:: What is needed ::
Quote the whole listing exactly. Leave the pictures out of your copy.

#### Input data ####

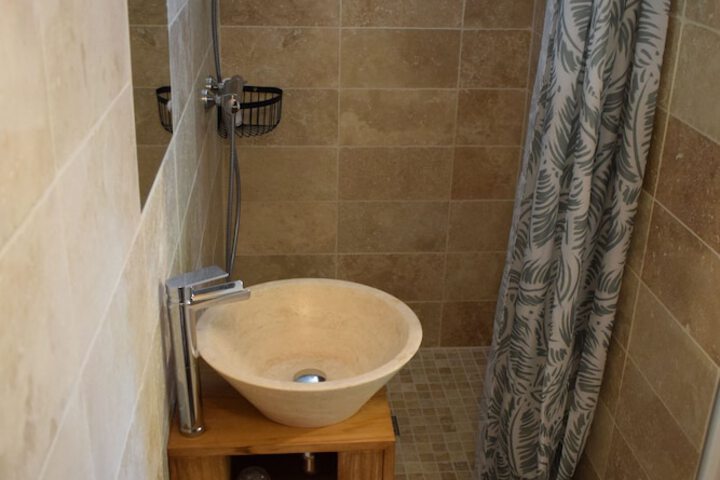 Clean Restrooms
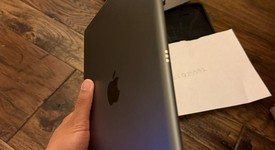 Mint
													Apple iPad 8th Gen - Wi-Fi, Gray, 32 GB, A2270, photo 4 of 7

####

:: Task output ::
 Clean Restrooms
 Mint
													Apple iPad 8th Gen - Wi-Fi, Gray, 32 GB, A2270, photo 4 of 7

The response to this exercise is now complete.